Part 3 Chapter 24 Last verified 2026-06-14 Fresh

Observability: Seeing What the Agent Did

Observability is four instrumentation surfaces stacked on one ground truth — the session-log transcript. Logging persists it, OpenTelemetry GenAI conventions trace it, attribution ties a diff back to it, and cost-surfacing shows the price. The chapter holds two boundaries — attribution is a provenance hook not an approval gate, and surfacing a cost number is not modeling the economics.

Volatility: feature-surface

Tools compared: claude-codecross-tool

On this page

Four surfaces over one ground truth
Logging: two records, two retention stories
OpenTelemetry GenAI conventions as the substrate
Attribution is the provenance hook, not the approval gate
Surfacing cost at three altitudes — surfacing is not modeling
Quick reference
Practice

Before you start: ch21's frame — observability is the 'see' surface, downstream of an eval target. ch23 scores whether a run was correct; this chapter only records what ran. Vol 1's permission model is assumed; the oversight workflow on top of it is ch26.

You will learn

Why observability is four surfaces over one ground truth — the session-log transcript — and why everything else derives from it
The two retention stories in logging — the local 30-day sweep versus the SDK’s external mirror — and why conflating them loses run history
Why you instrument to the OpenTelemetry GenAI convention, not a vendor schema — and why those names are still moving
The two boundaries that keep the surface honest: attribution is a provenance hook, not an approval gate, and surfacing a cost number is not modeling the economics

ch21 placed observability as the see surface: once an eval defines what “good” means, observability shows what actually happened against it. This chapter takes that surface apart. The thesis is that all of agent observability is four instrumentation surfaces stacked on one ground truth — the session log — and that getting the layering right (what is the record, what derives from it, and what each derived surface does and does not claim) is the whole discipline. Two of those surfaces are easy to over-read, so the chapter spends its honesty budget keeping their boundaries crisp.

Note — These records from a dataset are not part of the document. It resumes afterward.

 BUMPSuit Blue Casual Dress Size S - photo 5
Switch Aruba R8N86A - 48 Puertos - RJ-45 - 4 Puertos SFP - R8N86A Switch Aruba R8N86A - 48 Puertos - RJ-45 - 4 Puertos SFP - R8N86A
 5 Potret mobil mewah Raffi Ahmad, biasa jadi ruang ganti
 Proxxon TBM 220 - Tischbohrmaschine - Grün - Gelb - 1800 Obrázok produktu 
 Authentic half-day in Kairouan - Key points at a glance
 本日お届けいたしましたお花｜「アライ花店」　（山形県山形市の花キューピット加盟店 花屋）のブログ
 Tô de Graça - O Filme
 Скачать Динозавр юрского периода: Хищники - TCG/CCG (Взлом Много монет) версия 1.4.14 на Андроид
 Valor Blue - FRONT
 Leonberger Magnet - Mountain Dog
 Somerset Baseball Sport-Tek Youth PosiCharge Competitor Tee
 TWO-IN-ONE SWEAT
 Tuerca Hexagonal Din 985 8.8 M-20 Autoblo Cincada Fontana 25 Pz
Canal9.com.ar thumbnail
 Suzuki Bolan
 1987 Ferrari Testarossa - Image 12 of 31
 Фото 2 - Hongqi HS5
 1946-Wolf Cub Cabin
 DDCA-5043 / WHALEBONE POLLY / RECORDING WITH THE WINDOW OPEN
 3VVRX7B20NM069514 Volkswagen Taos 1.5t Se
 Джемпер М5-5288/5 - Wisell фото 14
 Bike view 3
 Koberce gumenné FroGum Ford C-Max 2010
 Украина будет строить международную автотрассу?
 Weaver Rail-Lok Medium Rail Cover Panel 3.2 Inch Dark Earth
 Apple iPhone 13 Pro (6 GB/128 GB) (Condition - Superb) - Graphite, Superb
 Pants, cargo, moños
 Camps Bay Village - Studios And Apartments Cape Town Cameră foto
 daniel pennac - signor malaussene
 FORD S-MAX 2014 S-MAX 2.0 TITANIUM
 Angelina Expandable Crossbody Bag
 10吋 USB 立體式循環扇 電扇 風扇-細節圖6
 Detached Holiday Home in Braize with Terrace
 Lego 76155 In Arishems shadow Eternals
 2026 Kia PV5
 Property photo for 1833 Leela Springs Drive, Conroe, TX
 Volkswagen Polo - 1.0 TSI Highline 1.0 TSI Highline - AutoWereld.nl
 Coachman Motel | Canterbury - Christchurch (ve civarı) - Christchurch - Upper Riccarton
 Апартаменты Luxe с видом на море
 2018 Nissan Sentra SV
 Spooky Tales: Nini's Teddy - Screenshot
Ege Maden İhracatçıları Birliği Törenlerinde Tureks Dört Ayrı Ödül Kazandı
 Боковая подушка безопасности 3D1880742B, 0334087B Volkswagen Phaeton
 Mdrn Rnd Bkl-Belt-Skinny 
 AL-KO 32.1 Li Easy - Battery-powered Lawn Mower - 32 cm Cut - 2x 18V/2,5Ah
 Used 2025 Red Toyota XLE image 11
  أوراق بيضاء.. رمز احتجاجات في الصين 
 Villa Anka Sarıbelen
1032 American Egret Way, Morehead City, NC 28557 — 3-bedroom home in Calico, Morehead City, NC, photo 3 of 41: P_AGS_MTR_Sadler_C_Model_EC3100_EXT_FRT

Four surfaces over one ground truth

An agent run produces exactly one authoritative record, and everything you later want to see is a different view of it. Claude Code writes a session transcript for each run — “every message, tool call, and tool result” [Official] Explore the .claude directory · AnthropicT1-official original — as a per-session JSONL file, by default under ~/.claude/projects/, one JSON-safe object per line. [Official] Explore the .claude directory · AnthropicT1-official original That transcript is the ground truth. It is not a summary, not a dashboard, not a metric — it is the literal sequence the agent emitted and received, persisted to disk.

The other three things people mean by “observability” — tracing, attribution, cost-surfacing — are not separate sources of truth. They are surfaces derived from that one log, or pointers back to it. A trace re-renders the run as spans; an attributed commit points back to the run that produced it; a cost figure is computed from the tokens the run consumed. So “what did the agent do?” is, in order, first a logging question (is the transcript captured and kept?), then a tracing / attribution / surfacing question (how do I view it, link to it, and price it?). Skip the log and the other three have nothing underneath them.

Logging: two records, two retention stories

The single most common logging error is treating “the transcript” as one thing. There are two records, with two different retention owners, and conflating them is how teams lose run history they assumed was safe.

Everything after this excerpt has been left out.